Quad RTX3090 GPU Wattage Limited "MaxQ" TensorFlow Performance

Table of Contents

TL;DR: Can you run 4 RTX3090's in a system under heavy compute load? Yes, by using nvidia-smi I was able to reduce the power limit on 4 GPUs from 350W to 280W and achieve over 95% of maximum performance. The total power load "at the wall" was reasonable for a single power supply and a modest US residential 110V, 15A power line. At least look at the plots below.

Introduction

The NVIDIA RTX3090 is a very capable GPU for accelerated compute intensive tasks like ML/AI model training. It offers a significant performance improvement over the last generation RTX20 GPUs. It also uses at LOT more power! The TDP Wattage for the RTX3090 is 350W. This is OK for high performance system builds with 1, 2, or even 3 GPUs. What if you want to push that to 4 GPUs?

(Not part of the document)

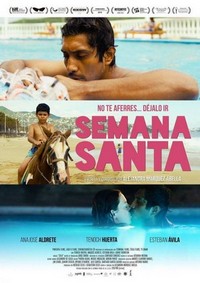 Semana Santa (2015) - poster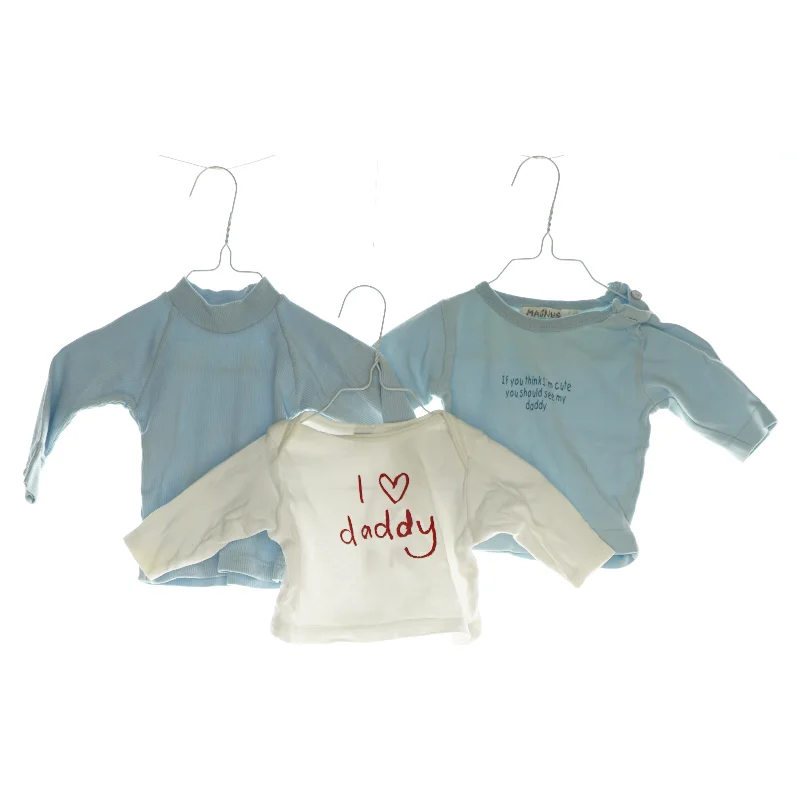 Bluser 3 styks (str. 70)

Can you run heavy compute loads on Quad RTX3090 GPUs without using 2 power supplies and within the constraints of a US 110V 15A power line?

Yes! It's possible to sensibly make use of 4 RTX3090's. How? By using the NVIDIA System Management Interface (nvidia-smi) to apply power limits to the GPUs. I was able to achieve 95% of maximum compute performance with a GPU power limit of around 280W. That is a power draw similar to using 3 RTX3090's at full (350W) but with much better performance!

MaxQ?

This testing was inspired by what NVIDIA and their partners do for some of their laptop GPUs. They have a "feature" called "MaxQ". That's an abuse of an aeronautical engineering term and not really appropriate but, hey, it sounds good and the basic idea is great! I set out to find "MaxQ" for the RTX3090 with the goal of finding a stable 4 GPU configuration with good performance per Watt.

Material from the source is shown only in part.